• [Work required] As you restate the entries, keep every word intact and leave out whatever images they hold.

Caption-style text data:
:::::
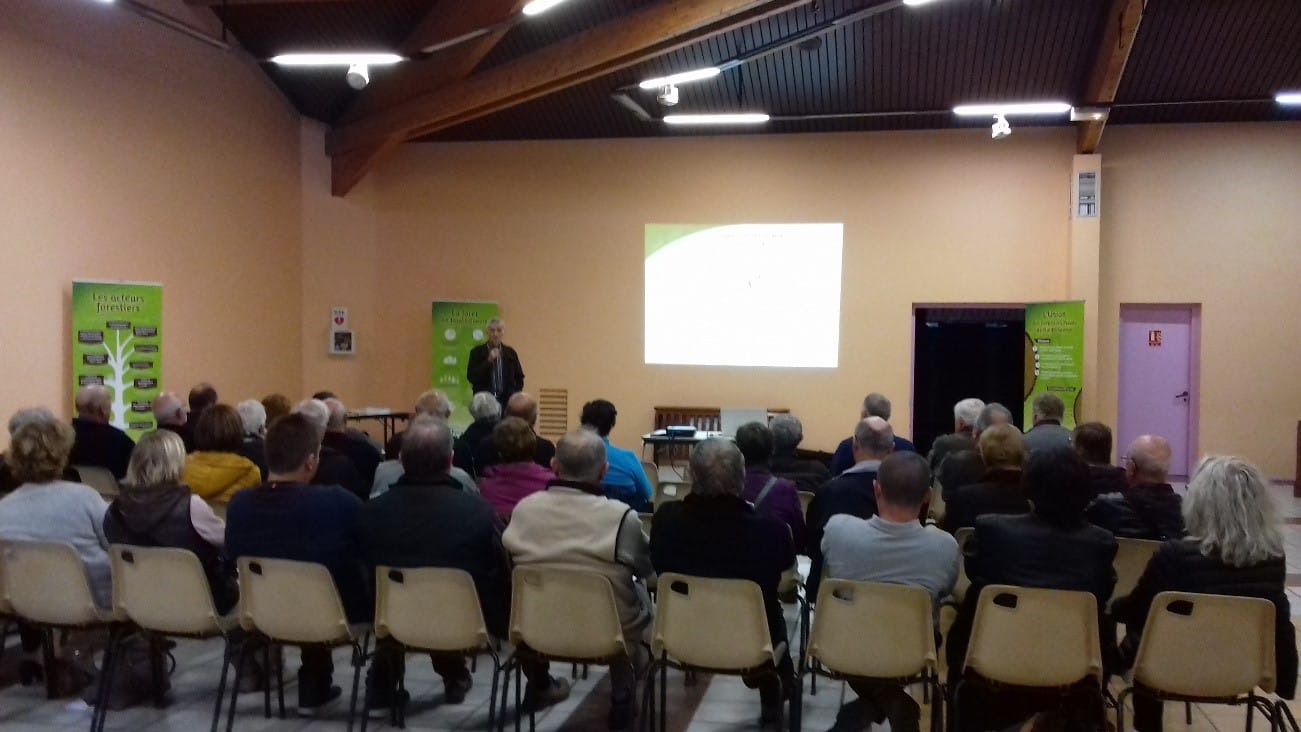Réunions Bourse Foncière Forestière du Territoire Usses & Bornes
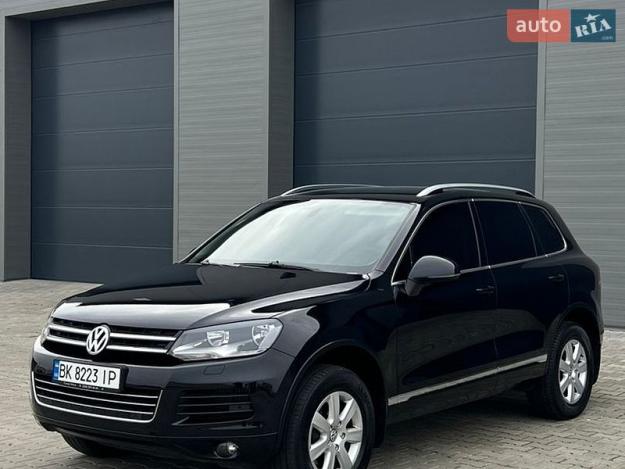 Volkswagen Touareg, 2012г. 3.0л. дизель Рівне в кредит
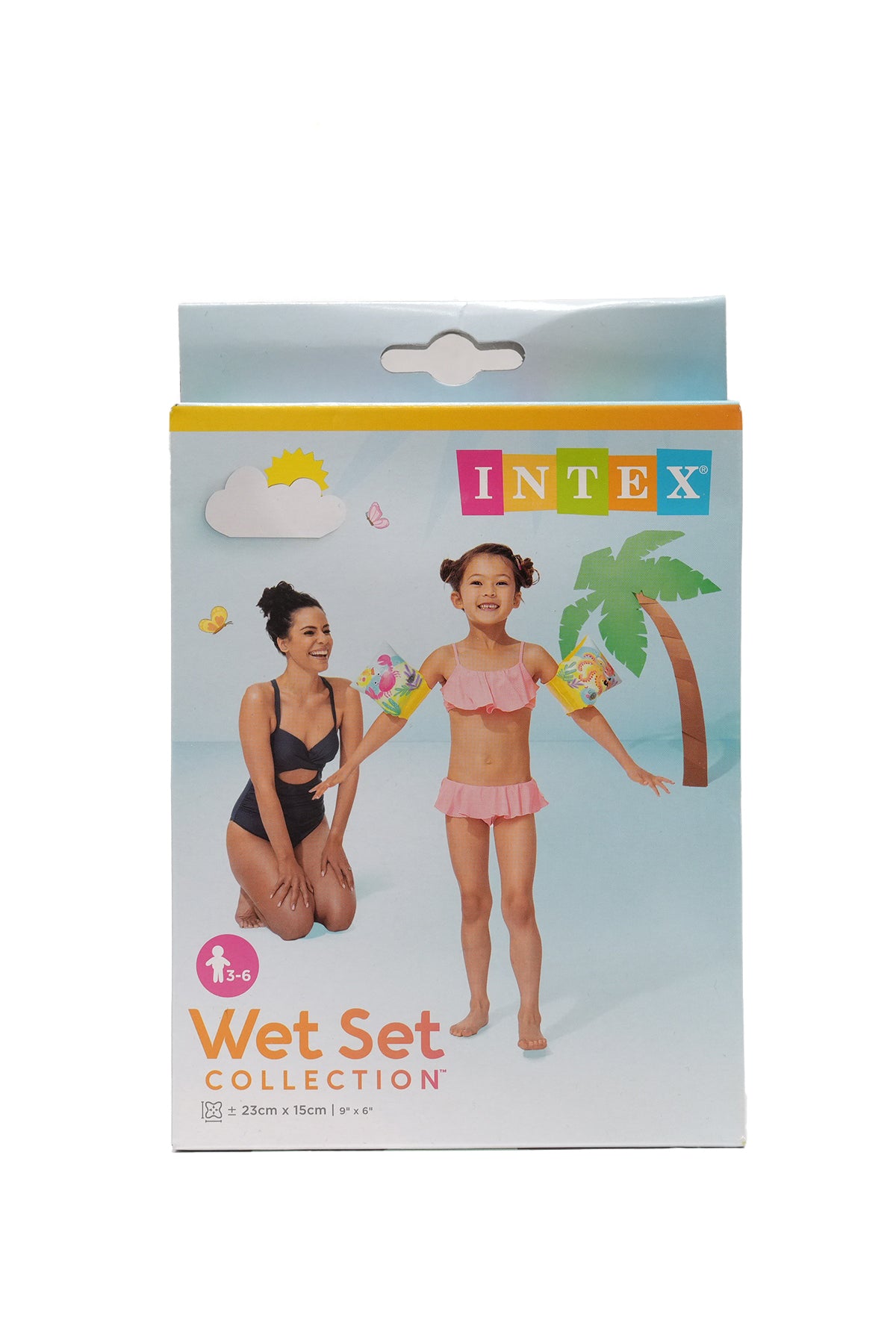 INTEX Tropical Buddies Arm Bands (9" X 6")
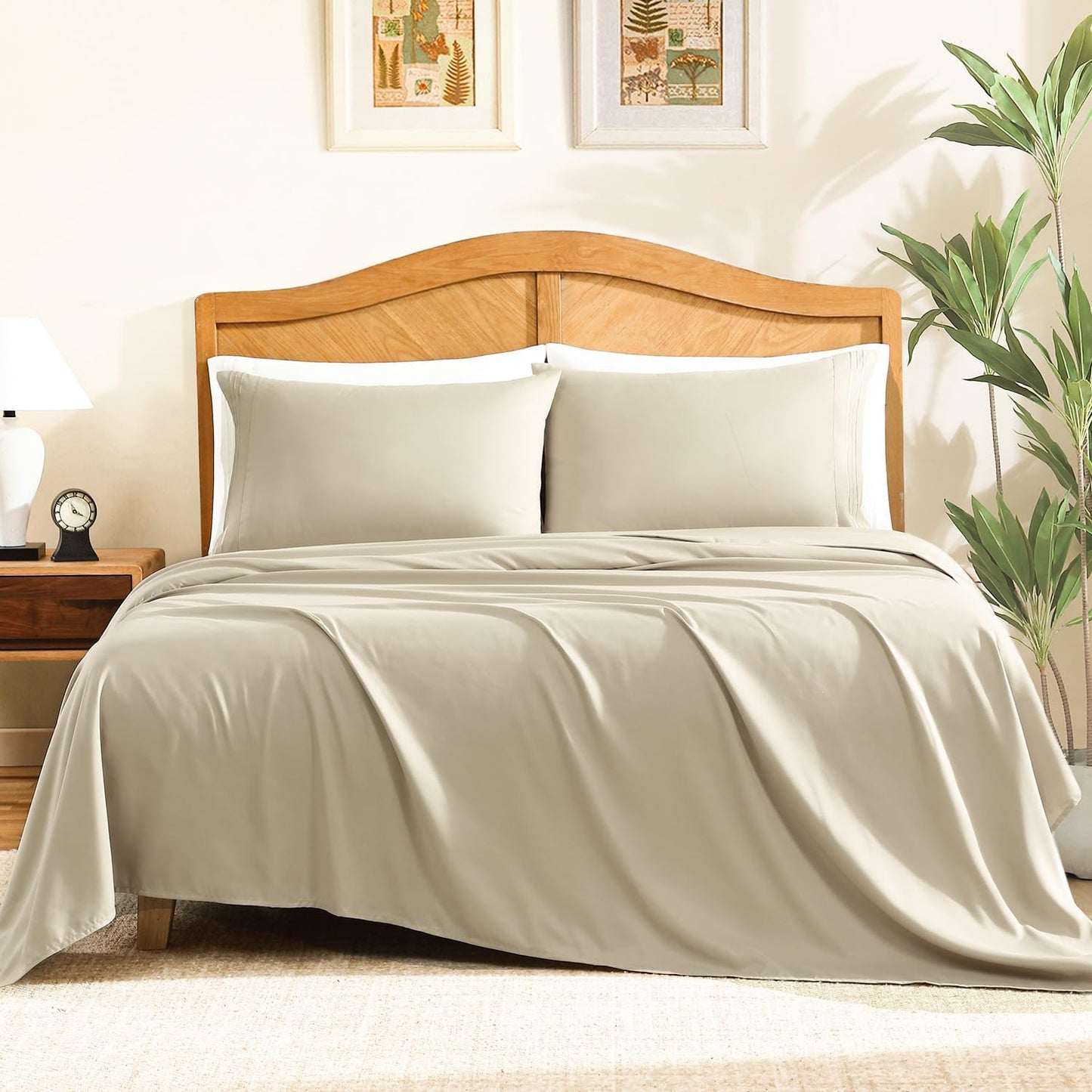 Microfiber Bedding Set
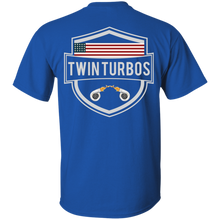 Load image into Gallery viewer, Twin Turbos USA Ultra Cotton T-Shirt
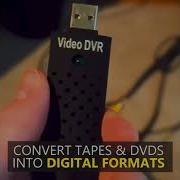 Easycap Video And Audio Capturing Device Directly From TV VCR VHS DVD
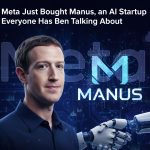 Meta buys Manus AI startup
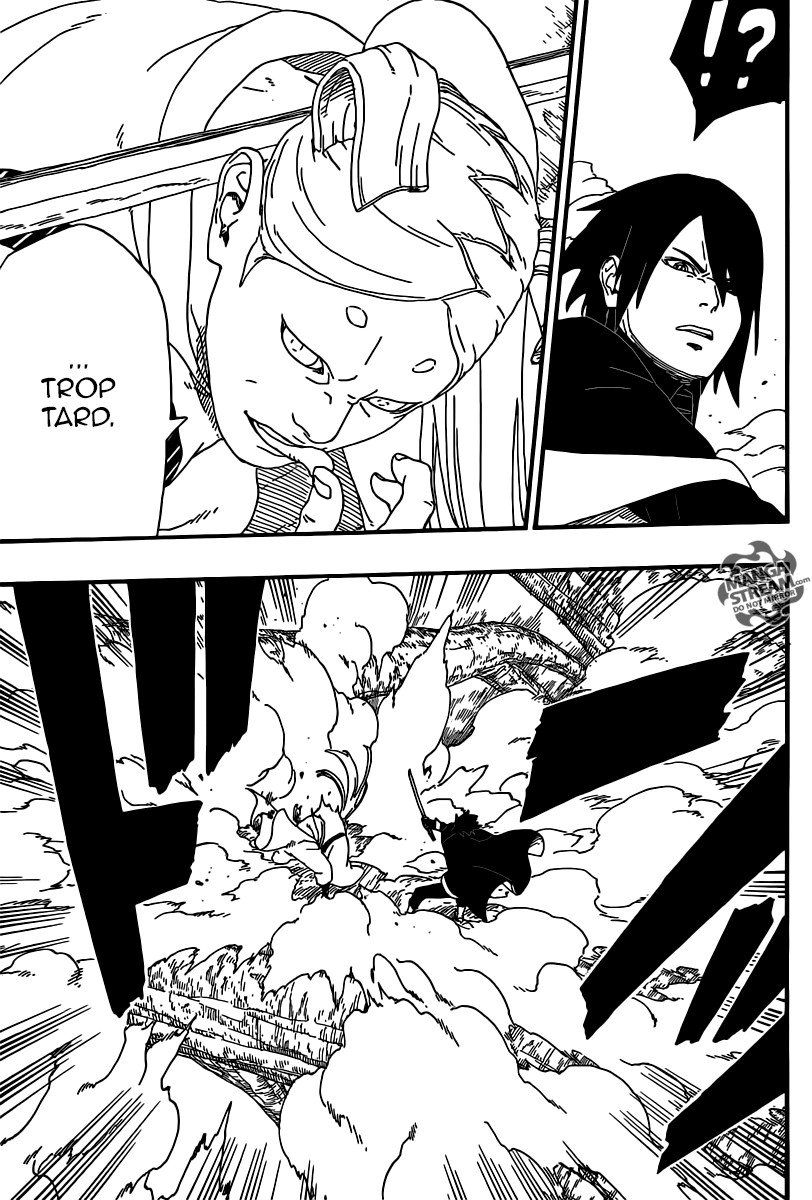 Read Boruto Blue Vortex fr  Manga Online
:::::
• [Task output]
Réunions Bourse Foncière Forestière du Territoire Usses & Bornes
 Volkswagen Touareg, 2012г. 3.0л. дизель Рівне в кредит
 INTEX Tropical Buddies Arm Bands (9" X 6")
 Microfiber Bedding Set
 Load image into Gallery viewer, Twin Turbos USA Ultra Cotton T-Shirt
 Easycap Video And Audio Capturing Device Directly From TV VCR VHS DVD
 Meta buys Manus AI startup
 Read Boruto Blue Vortex fr  Manga Online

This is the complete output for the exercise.